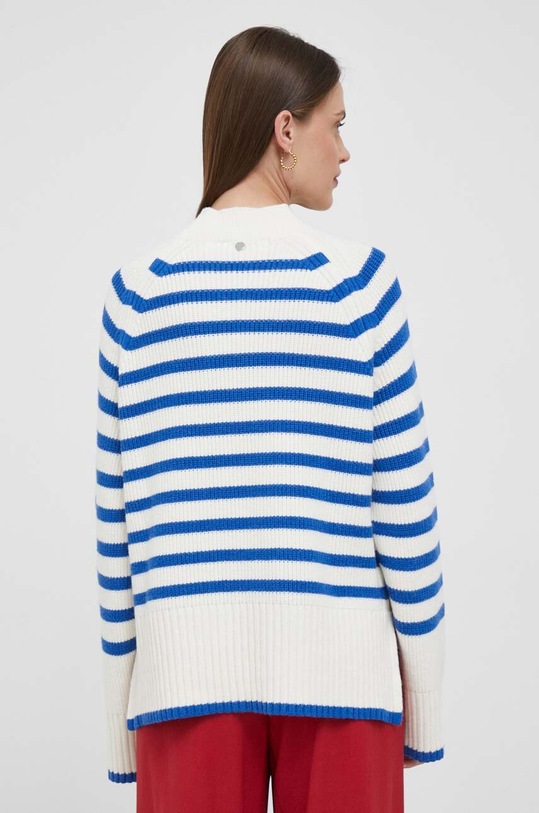 Одяг Светр Rich & Royal 2308.144 блакитний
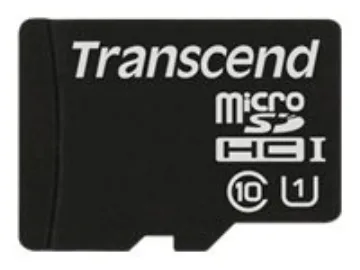 Transcend Premium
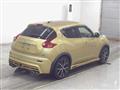 2014 Nissan Juke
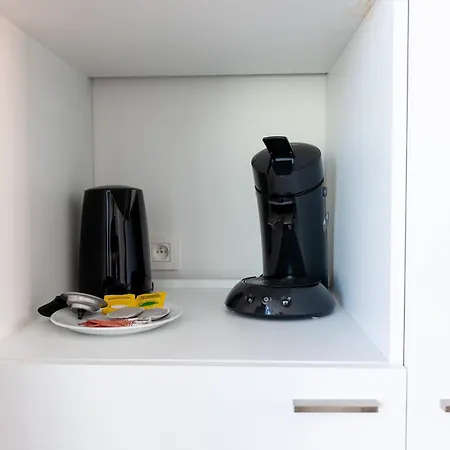 Smartflats - * Leuven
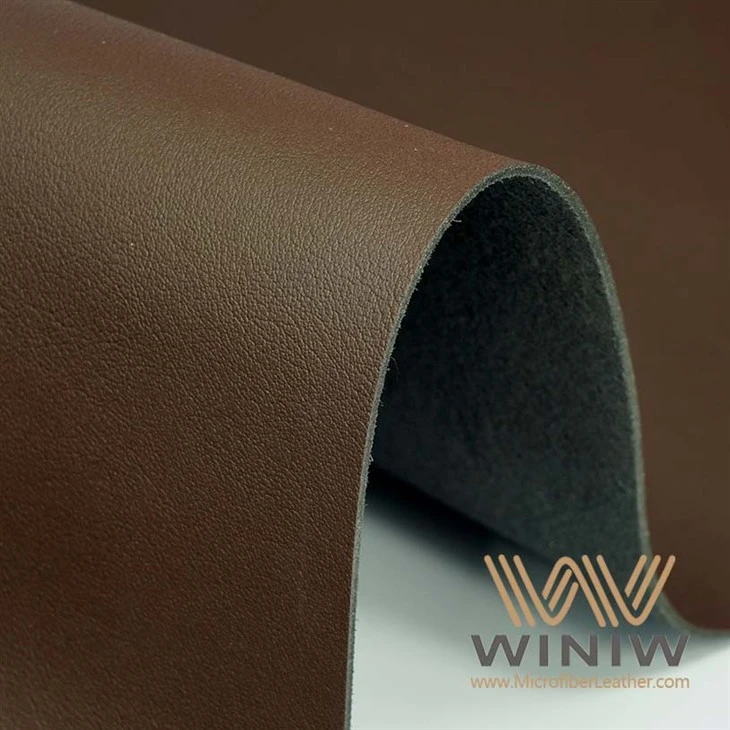 Abrasion Resistant Microfiber Synthetic Leather For Safety Work Shoes price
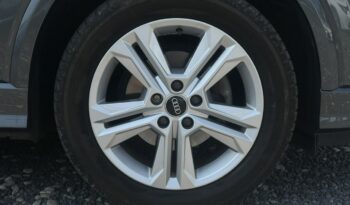 Audi Q2 | FWD (przód) | Automatyczna | 150 KM | Szary full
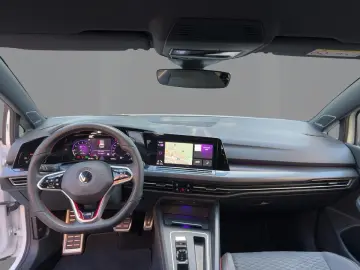 Golf VIII GTI 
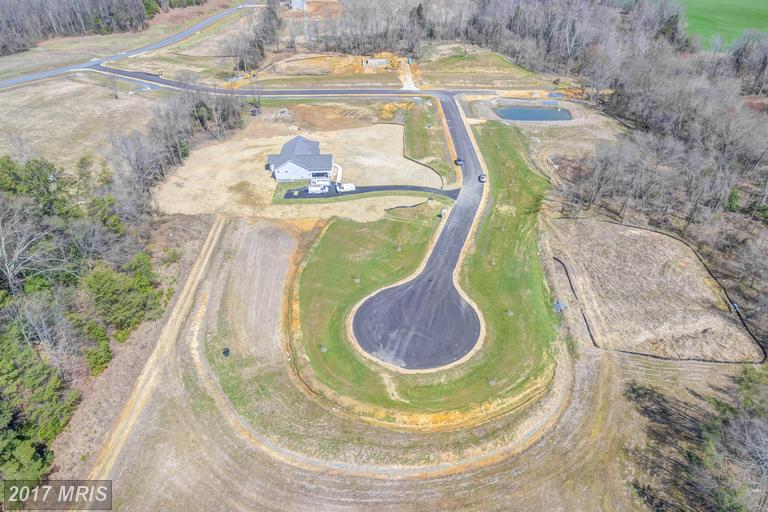 5823 ALLERDALE, Hughesville, MD 20637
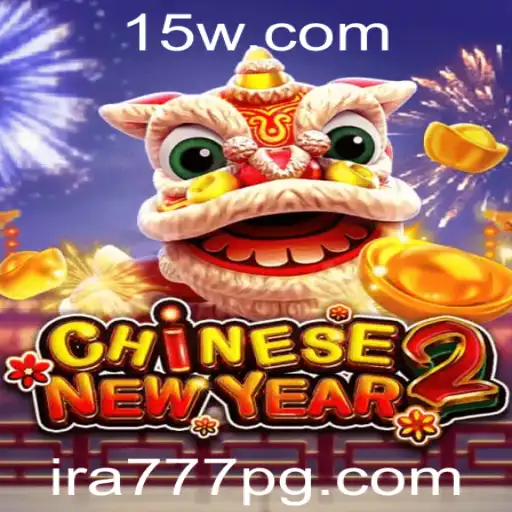 Explorando CHINESENEWYEAR2: O Jogo de Estratégia e Sorte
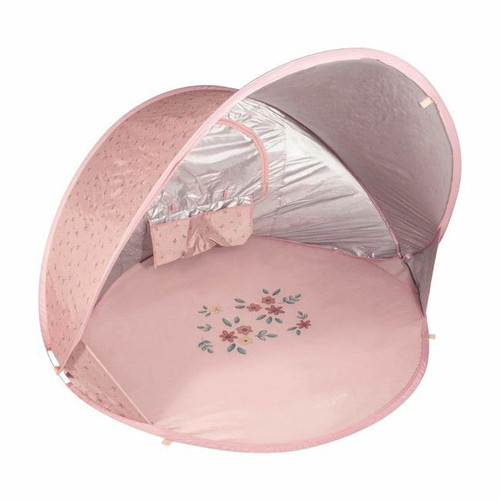 Little Dutch Beach Tent Ocean Dreams Pink 2012524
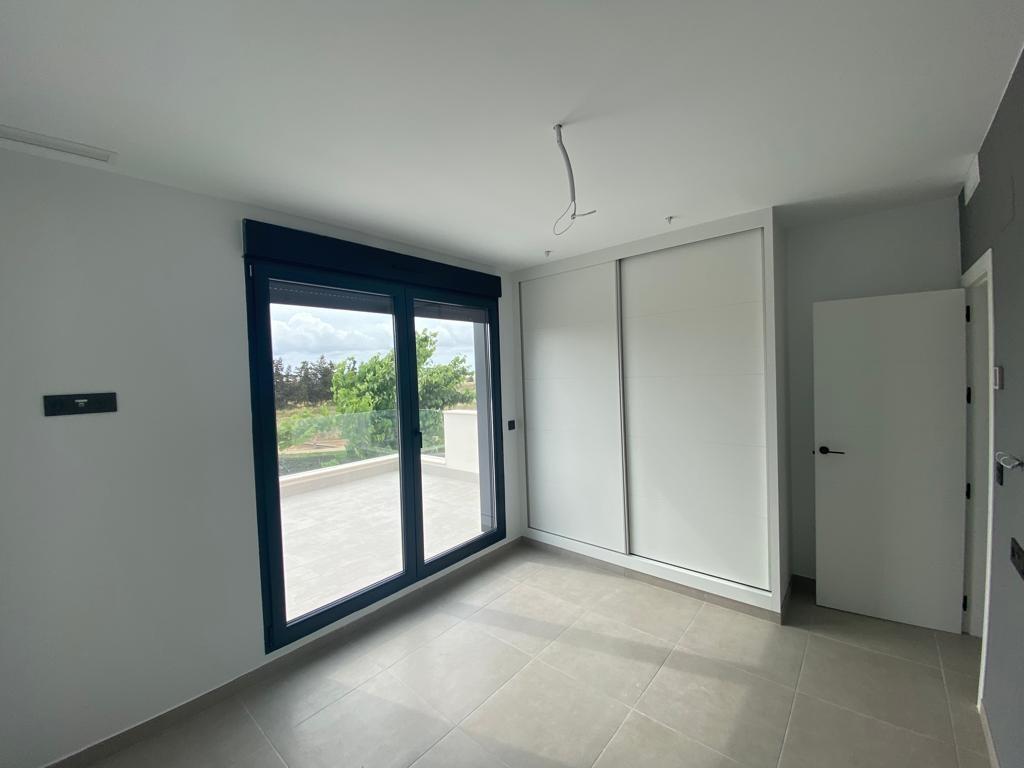 Nieuwbouw in Los Alcazares-12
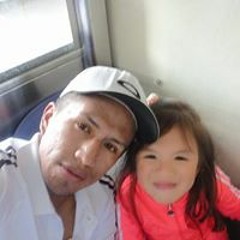 Jorge G Chiluisa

+ + + + +

• Exercise description:
All entries need to be duplicated exactly, apart from the images.

• Answer space:
 Одяг Светр Rich & Royal 2308.144 блакитний
 Transcend Premium
 2014 Nissan Juke
 Smartflats - * Leuven
 Abrasion Resistant Microfiber Synthetic Leather For Safety Work Shoes price
 Audi Q2 | FWD (przód) | Automatyczna | 150 KM | Szary full
 Golf VIII GTI 
 5823 ALLERDALE, Hughesville, MD 20637
 Explorando CHINESENEWYEAR2: O Jogo de Estratégia e Sorte
 Little Dutch Beach Tent Ocean Dreams Pink 2012524
 Nieuwbouw in Los Alcazares-12
 Jorge G Chiluisa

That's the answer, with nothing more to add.